## Task description
Up to and including the line that holds "This is our", print the data exactly from its first line; do not print the pictures.

## Information supplied

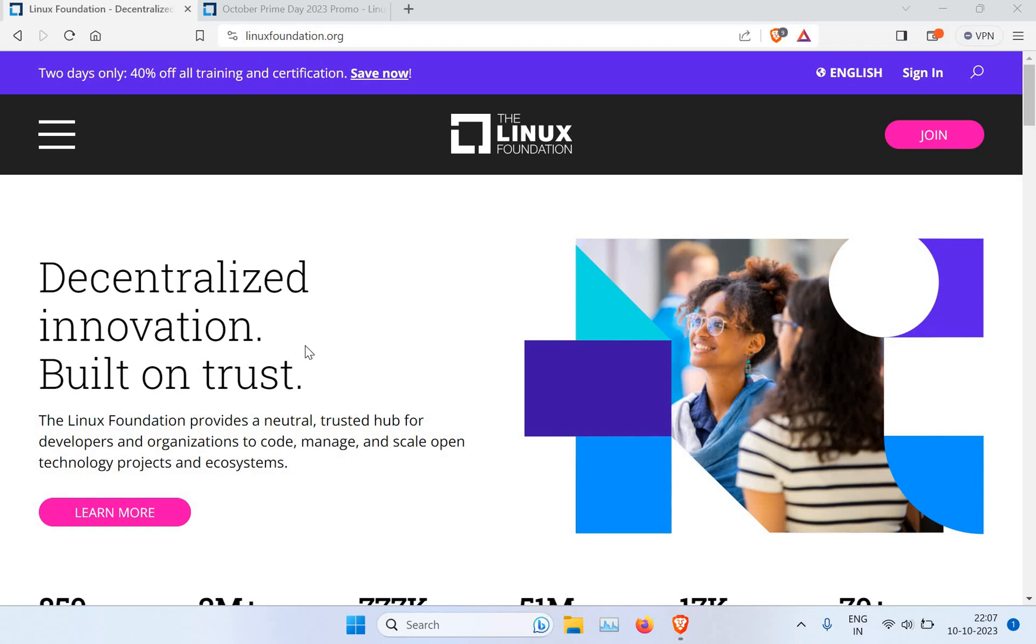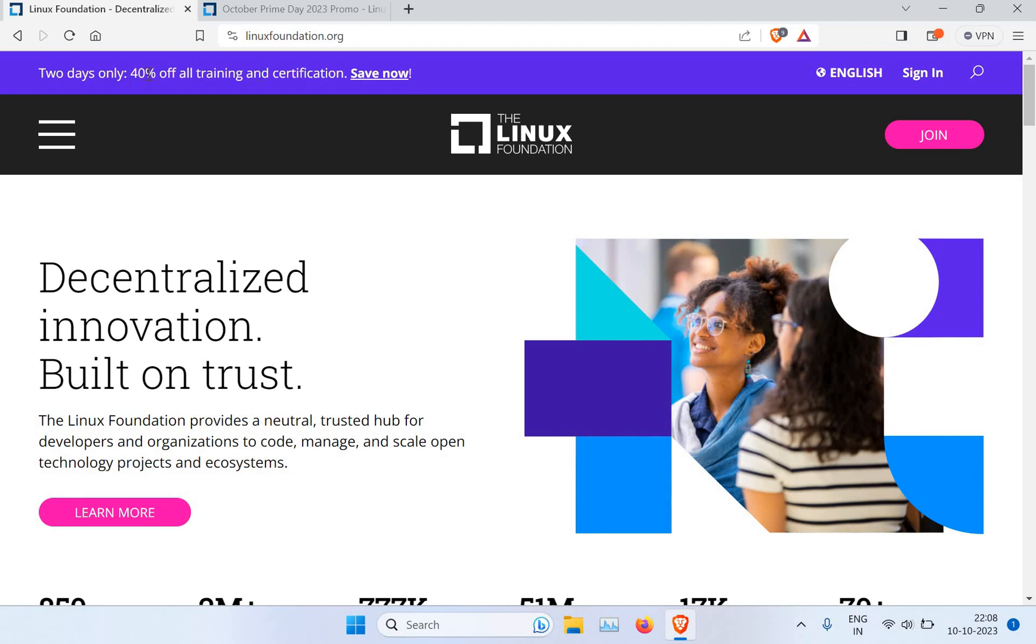So you can see on the screen, if you go to LinuxFoundation.org, you can see there is a two-day offer. It's available for just one more day, I think today and tomorrow. Make use of this 40% off on your training and certification. You can click on Save Now.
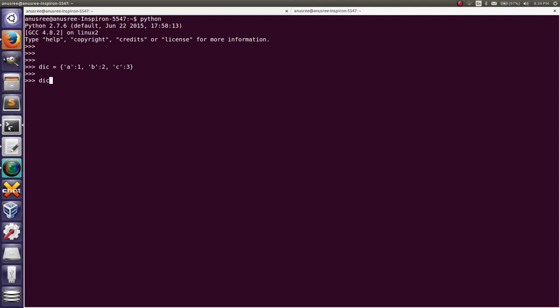This is our dictionary. Now I am going to iterate the dictionary key and value pairs.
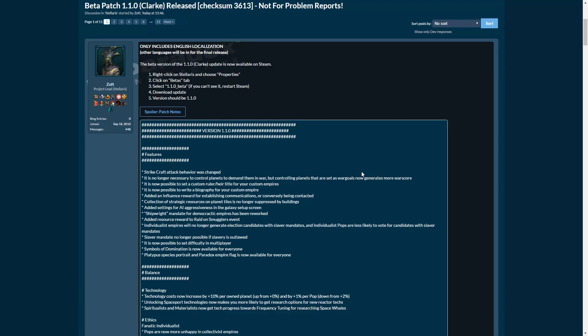Alright everybody, welcome back to Stellaris. Our video about Stellaris is a little bit different today. We're going to be talking about something that is not very much scripted, so it's a bit more of a free flow sort of video that I want to do here.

## Response to this exercise
So you can see on the screen, if you go to LinuxFoundation.org, you can see there is a two-day offer. It's available for just one more day, I think today and tomorrow. Make use of this 40% off on your training and certification. You can click on Save Now.
This is our dictionary. Now I am going to iterate the dictionary key and value pairs.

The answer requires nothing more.